Sa rencontre, en chair et en os, avec la mythique guerrière remontait à peine à la mortelle bataille de Crait. Au terme de longs mois, Poe avait déjà bien deviné les lisières de cet ardu puzzle que représentait la pilleuse révolue, de cette enfance volée par un désert solitaire à cette responsabilité pesant dorénavant sur ses épaules. Et puis une autre pièce, sciemment dissimulée aux prunelles de tous. Or, Poe n'était pas dupe, peut-être juste plus lucide. Cette autre pièce - il l'avait compris à l'issue d'une nouvelle poignée de semaines - incluait un nom, vil, maudit. Cette autre pièce, c'était le lien unissant les deux piliers de cette guerre galactique, plus intime et sinueux que ce que Rey ne laissait entrevoir. Sous les silences et les regards fuyants, Poe en avait deviné la profondeur. Ainsi que la réciprocité, deux jours auparavant, à l'entente de cette voix, tourmentée et protectrice, avec laquelle quelques paroles avaient été échangées. Cette certitude acquise, une gamme de choix s'était dessinée, aux conséquences aussi anodines que destructrices. Haut la main, le silence l'avait emporté grâce à la solide confiance nouée avec la guerrière. Qu'importait cette relation insolite, Rey conserverait sa loyauté envers la Résistance. Du reste, personne ne luttait contre les sentiments, Dieu qu'il le savait.

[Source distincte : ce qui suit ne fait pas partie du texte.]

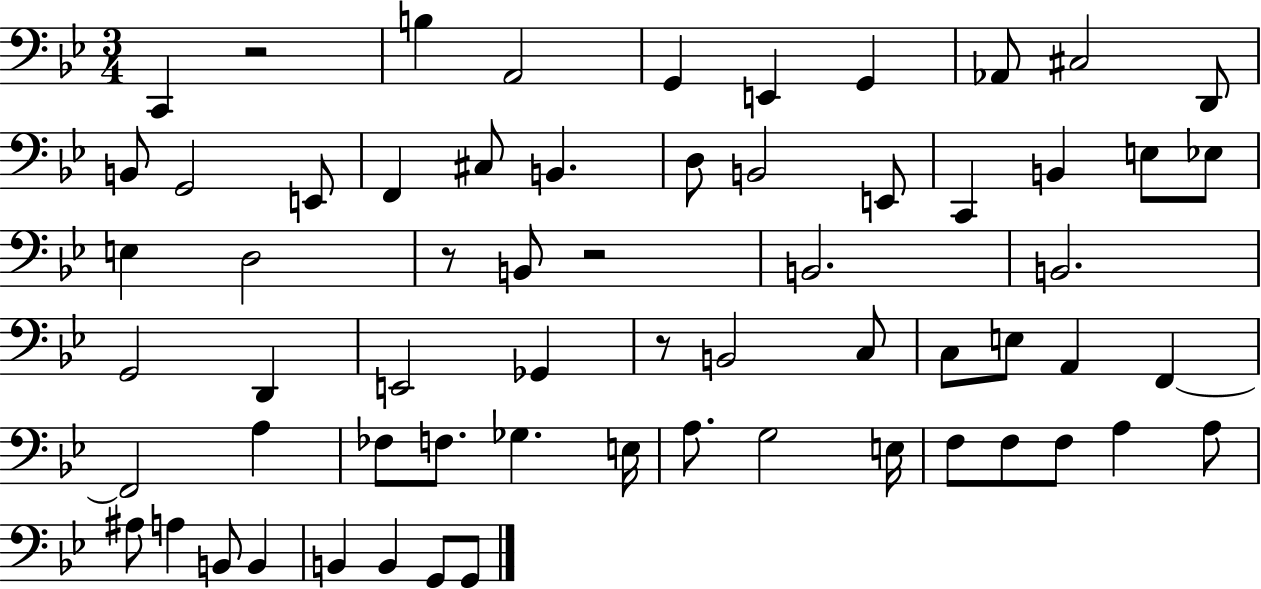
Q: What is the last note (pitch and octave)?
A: G2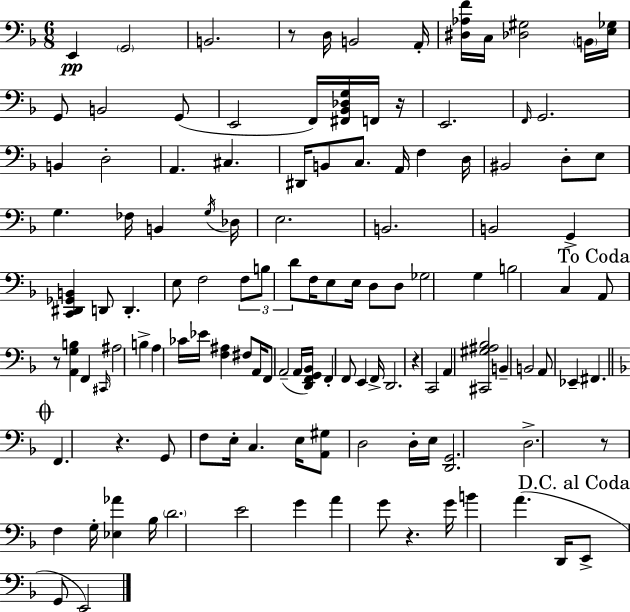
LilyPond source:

{
  \clef bass
  \numericTimeSignature
  \time 6/8
  \key f \major
  e,4\pp \parenthesize g,2 | b,2. | r8 d16 b,2 a,16-. | <dis aes f'>16 c16 <des gis>2 \parenthesize b,16 <e ges>16 | \break g,8 b,2 g,8( | e,2 f,16) <fis, bes, des g>16 f,16 r16 | e,2. | \grace { f,16 } g,2. | \break b,4 d2-. | a,4. cis4. | dis,16 b,8 c8. a,16 f4 | d16 bis,2 d8-. e8 | \break g4. fes16 b,4 | \acciaccatura { g16 } des16 e2. | b,2. | b,2 g,4-> | \break <c, dis, ges, b,>4 d,8 d,4.-. | e8 f2 | \tuplet 3/2 { f8 b8 d'8 } f16 e8 e16 d8 | d8 ges2 g4 | \break b2 c4 | \mark "To Coda" a,8 r8 <a, g b>4 f,4 | \grace { cis,16 } ais2 b4-> | a4 ces'16 ees'16 <f ais>4 | \break fis8 a,16 f,8 a,2--( | a,16 <d, f, g, bes,>16) f,4-. f,8 e,4 | f,16-> d,2. | r4 c,2 | \break a,4 <cis, gis ais bes>2 | b,4-- b,2 | a,8 ees,4-- fis,4. | \mark \markup { \musicglyph "scripts.coda" } \bar "||" \break \key d \minor f,4. r4. | g,8 f8 e16-. c4. e16 | <a, gis>8 d2 d16-. e16 | <d, g,>2. | \break d2.-> | r8 f4 g16-. <ees aes'>4 bes16 | \parenthesize d'2. | e'2 g'4 | \break a'4 g'8 r4. | g'16 b'4 a'4.( d,16 | \mark "D.C. al Coda" e,8-> g,8 e,2) | \bar "|."
}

D'un long battement de paupières, Poe se plongea dans une noirceur opaque. Aussitôt, une autre feuille dansa plus follement parmi ses consœurs. D'un effort mental, il s'efforça de la repousser. Peine perdue. Le fichu déserteur envahissait toujours ses pensées à l'improviste. Son sourire enfantin, ses remarques saupoudrées d'ironie, sa fidélité inébranlable envers ses proches. Un contact prolongé, un regard intense, et le cœur de Poe s'endiablait tel un petit fou, avant de s'engourdir face à la crainte du rejet, ou pire, la fin d'une profonde amitié.

Lorsque, tard le soir, le jadis stormtrooper infiltrait aussi sournoisement ses pensées, Poe s'isolait dans les entrailles de son Black One, le temps d'une virée dans le firmament, le temps de relaxer le feu qui le consumait nuit après nuit. L'enivrante sensation de haut-le-cœur annihilait tout, l'espace de quelques heures. C'était sa drogue, son opium. Ce soir encore, son encéphale épuisé par la tempête psychique réclamait l'asthénie.